EXERCISE DATA >>
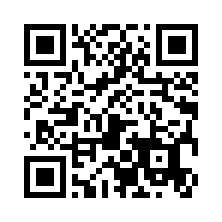 QR Code for 37tyg6G6FdxTaWSVT24agqJdQkAY7twz9B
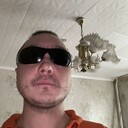 ���������� ������, ���� ������� ���������, 34 ����, ������������ 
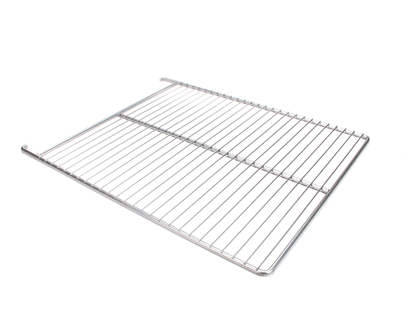 Traulsen 340-27113-00 Cp.Shelf Fl/Inc 26 X 20 1/2 (TR340-27113-00)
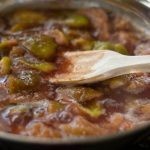 وصفة مربي التين اللذيذة بالصور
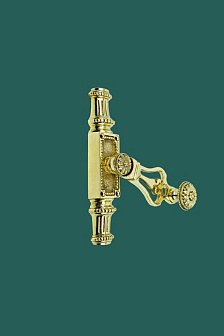 Ручка, высота 210мм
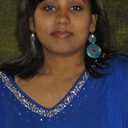 Neha Dutt - @nehasdutt - Twitter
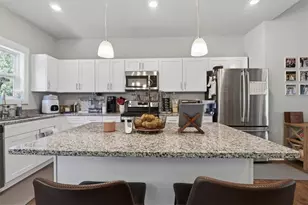 76 Wisteria Ln, Mansfield, GA 30055 - Photo 13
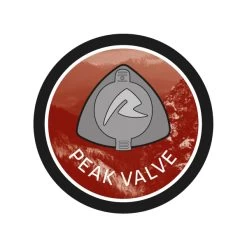 Robens Vapour 40 - Sleeping Mat -Camping Discount Store robens vapour 40 sleeping mat detail 4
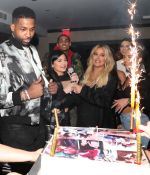 Access_Kardashian_1.jpg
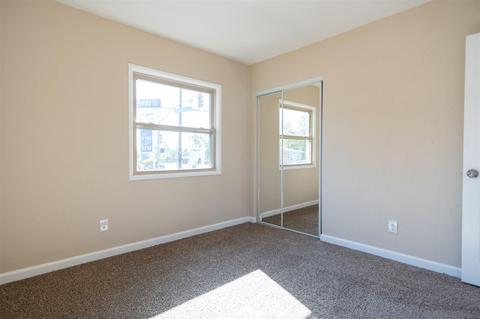 7204 Waite Dr, La Mesa, CA 91941 photo 14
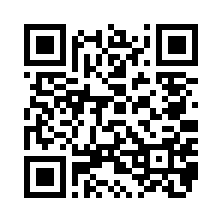 QR Code for bitcoin:16a14RQagZXxh4TcAaZHef4d3M471LLhXv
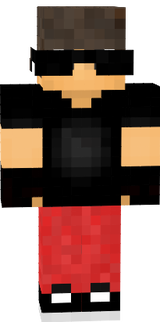 FunnyGames_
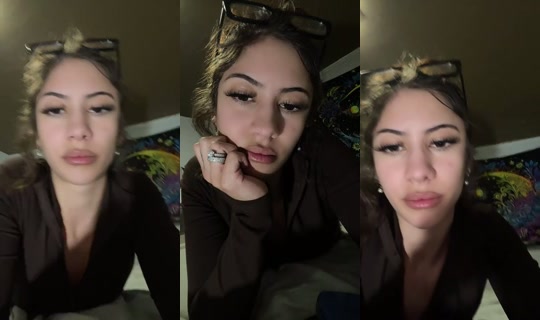 hkk333 Bigo Live — Oct 21, 2026, 5:37 AM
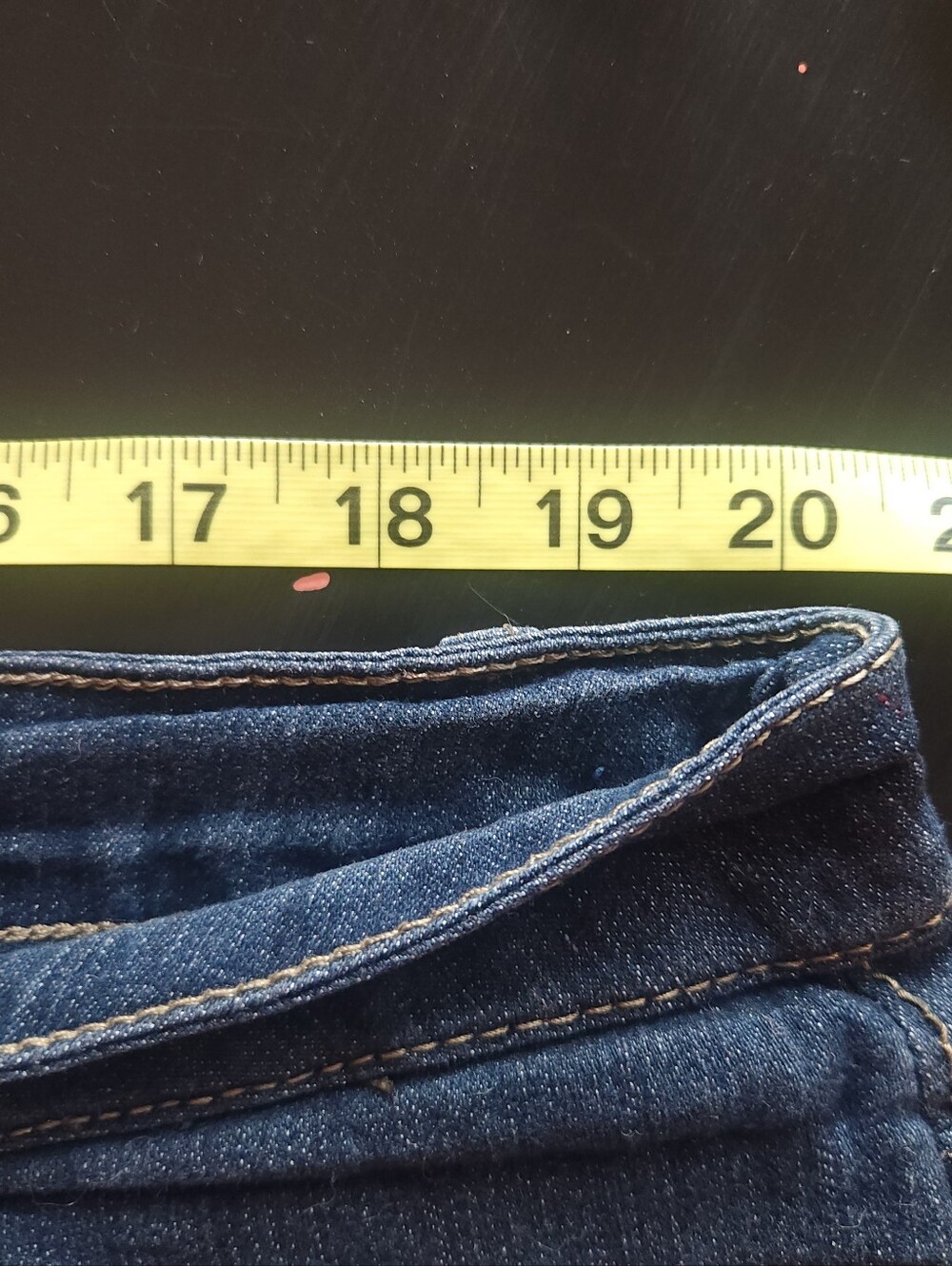 Dkin Jeans - Picture 5 of 7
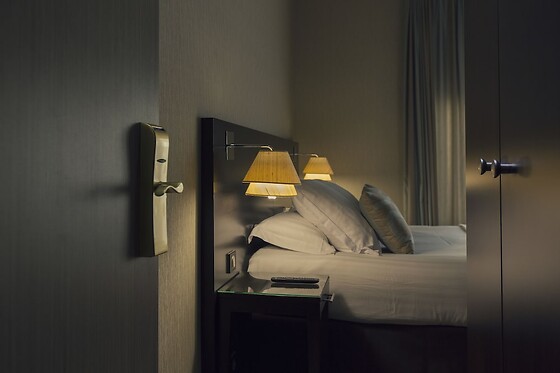 Online Booking EPS - photo 7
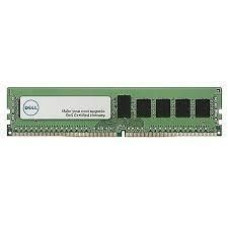 Dell Operatīv atmiņa DDR3 Dell  Server Memory Module||DDR5|16GB|ECC|5600 MHz|AC958788
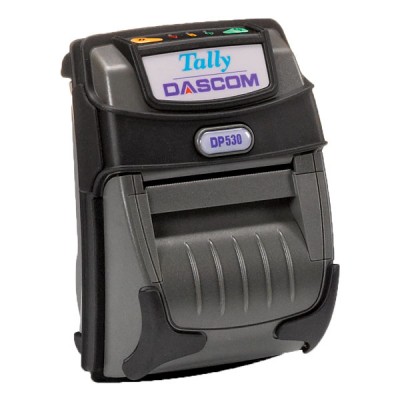 Мобильный принтер этикеток Dascom DP-530si Мобильный принтер этикеток Dascom DP-530si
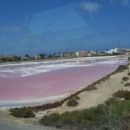 Transport infrastructure in Spain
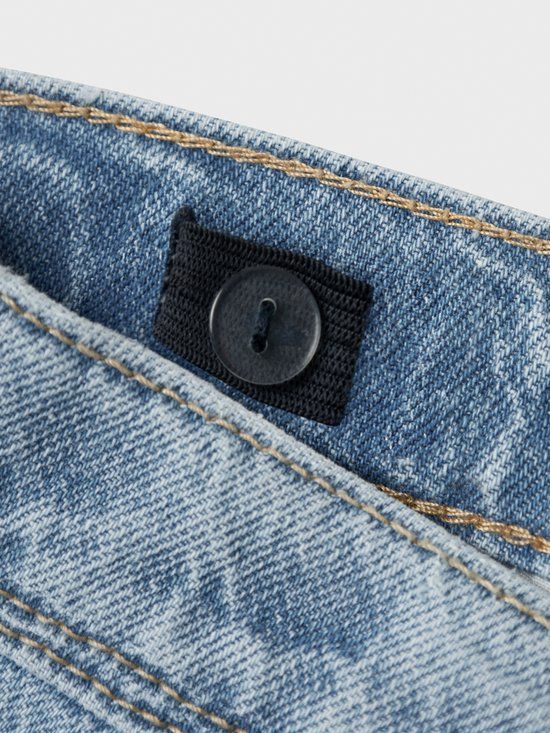 Name it Jeans Cargo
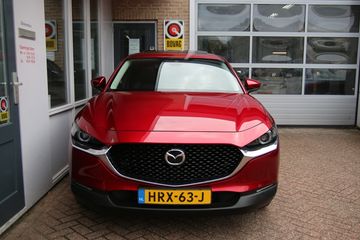 Voertuigafbeelding 29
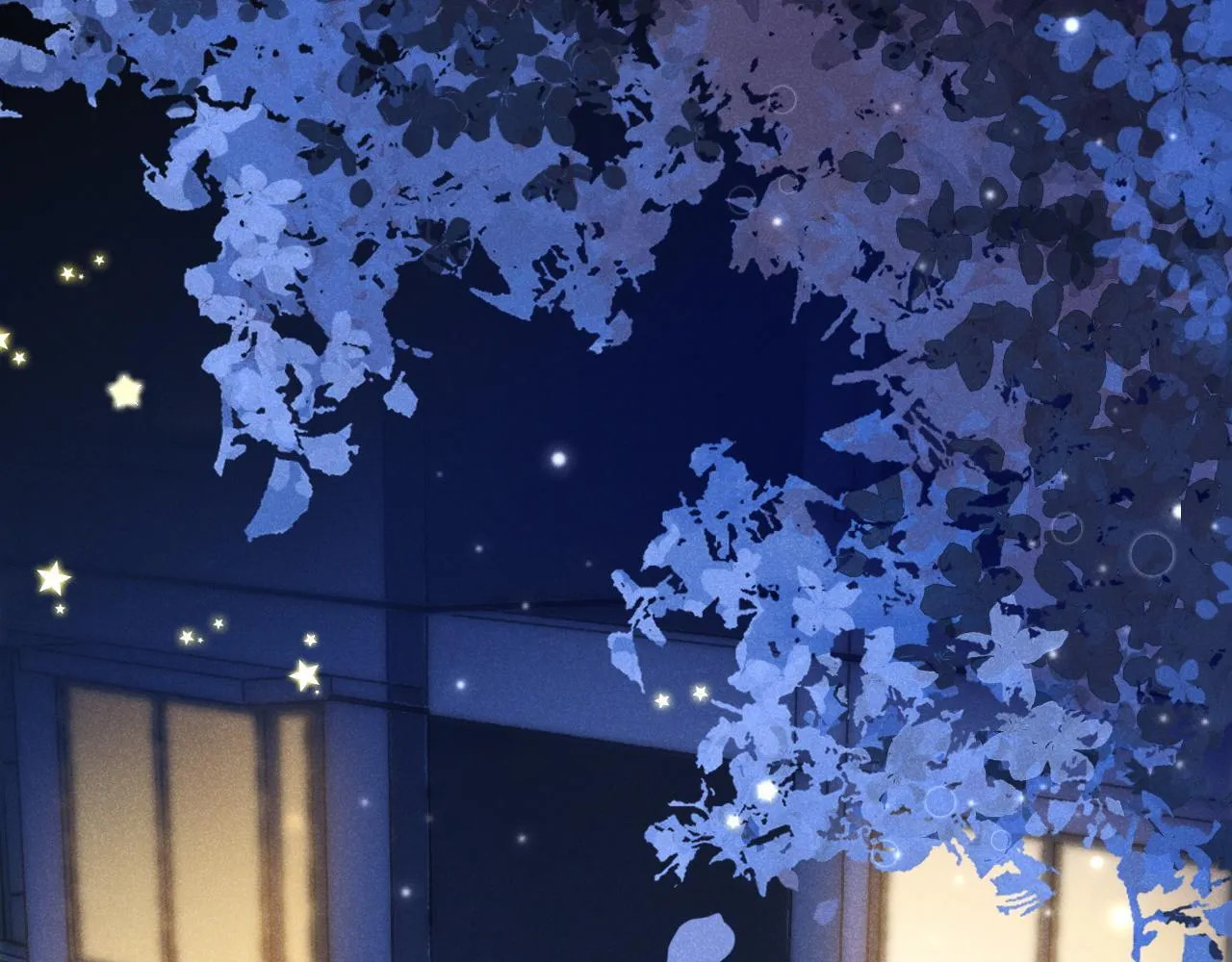 第46话 你是我的53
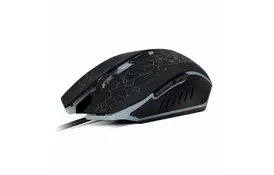 Мышка SVEN GX-950 Gaming - Фото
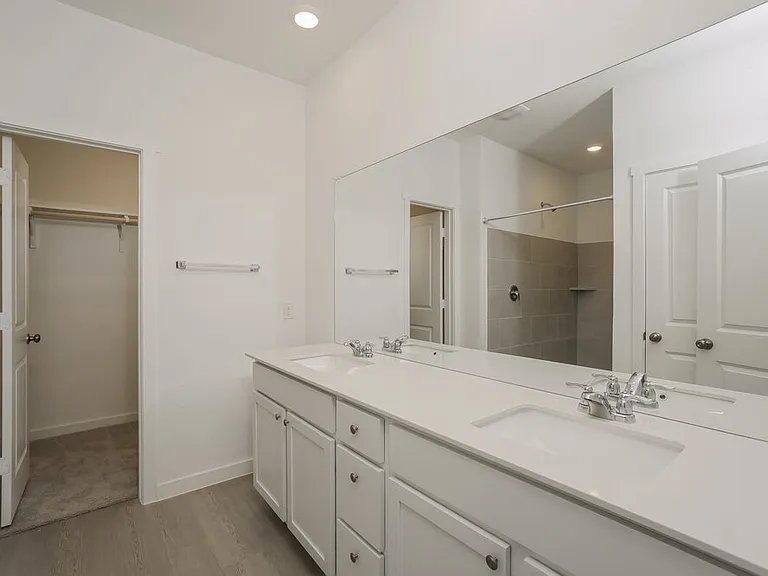 610 Kayden Ct — Photo 10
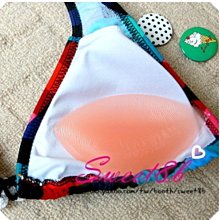 韓國進口 防滑衣架 一般型衣架 10入  衣架/多功能/掛衣架/防滑/曬衣服/掛衣服/晾曬架 歷史價格詳細信息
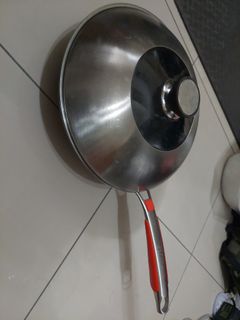（分類：）位於 。 由 xyumikox 提交（商品編號 1446275674，圖片 1）。簡介： 。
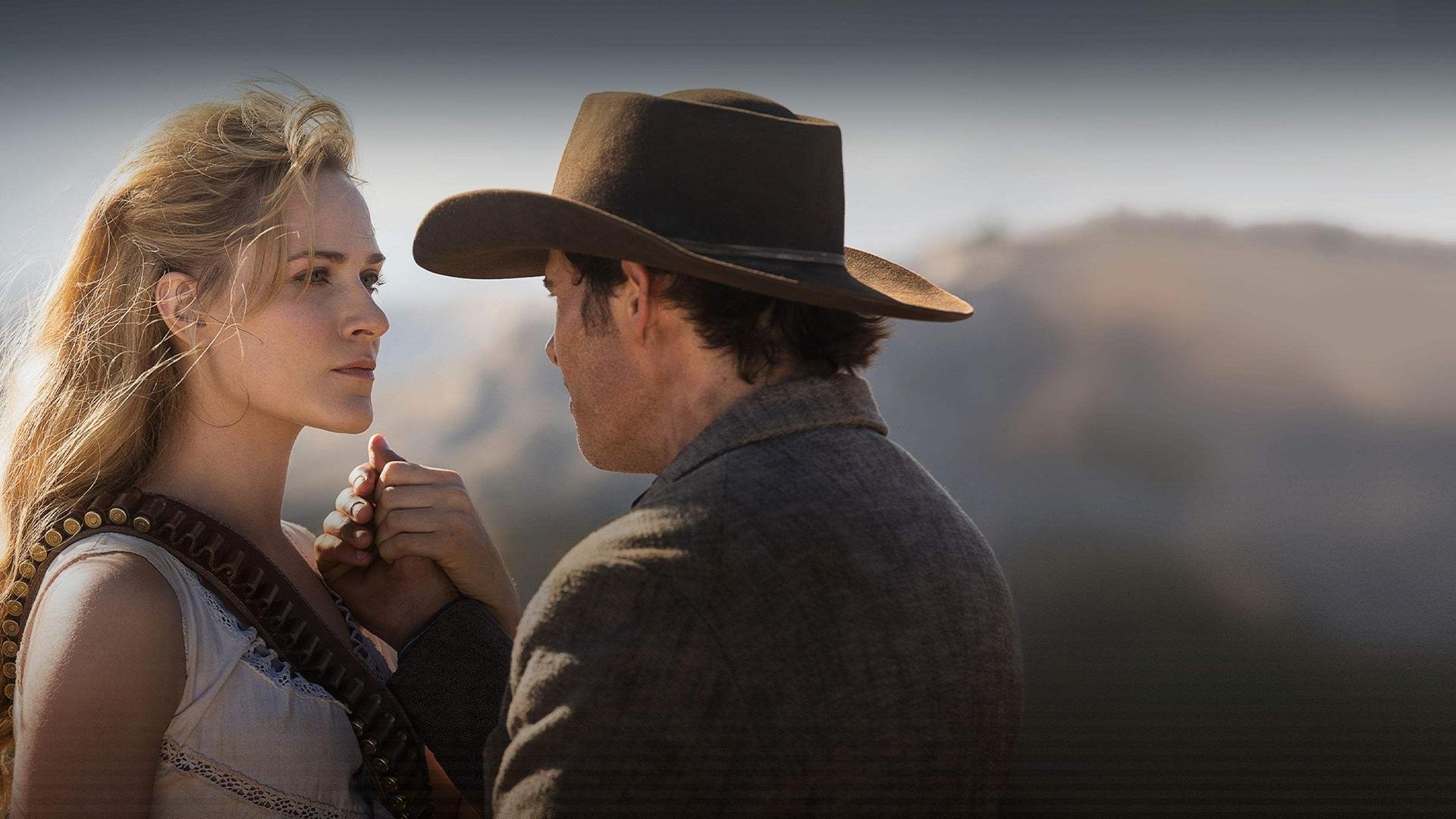 数据暗面，班凯罗如何在平庸之夜用0.9秒编织绝杀传奇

BRIEF >> Every line from the line containing "76 Wisteria Ln, Mansfield, GA" through the last line above is to be printed exactly. Pictures are not copied.

TASK OUTPUT >>
 76 Wisteria Ln, Mansfield, GA 30055 - Photo 13
 Robens Vapour 40 - Sleeping Mat -Camping Discount Store robens vapour 40 sleeping mat detail 4
 Access_Kardashian_1.jpg
 7204 Waite Dr, La Mesa, CA 91941 photo 14
 QR Code for bitcoin:16a14RQagZXxh4TcAaZHef4d3M471LLhXv
 FunnyGames_
 hkk333 Bigo Live — Oct 21, 2026, 5:37 AM
 Dkin Jeans - Picture 5 of 7
 Online Booking EPS - photo 7
 Dell Operatīv atmiņa DDR3 Dell  Server Memory Module||DDR5|16GB|ECC|5600 MHz|AC958788
 Мобильный принтер этикеток Dascom DP-530si Мобильный принтер этикеток Dascom DP-530si
 Transport infrastructure in Spain
 Name it Jeans Cargo
 Voertuigafbeelding 29
 第46话 你是我的53
 Мышка SVEN GX-950 Gaming - Фото
 610 Kayden Ct — Photo 10
 韓國進口 防滑衣架 一般型衣架 10入  衣架/多功能/掛衣架/防滑/曬衣服/掛衣服/晾曬架 歷史價格詳細信息
（分類：）位於 。 由 xyumikox 提交（商品編號 1446275674，圖片 1）。簡介： 。
 数据暗面，班凯罗如何在平庸之夜用0.9秒编织绝杀传奇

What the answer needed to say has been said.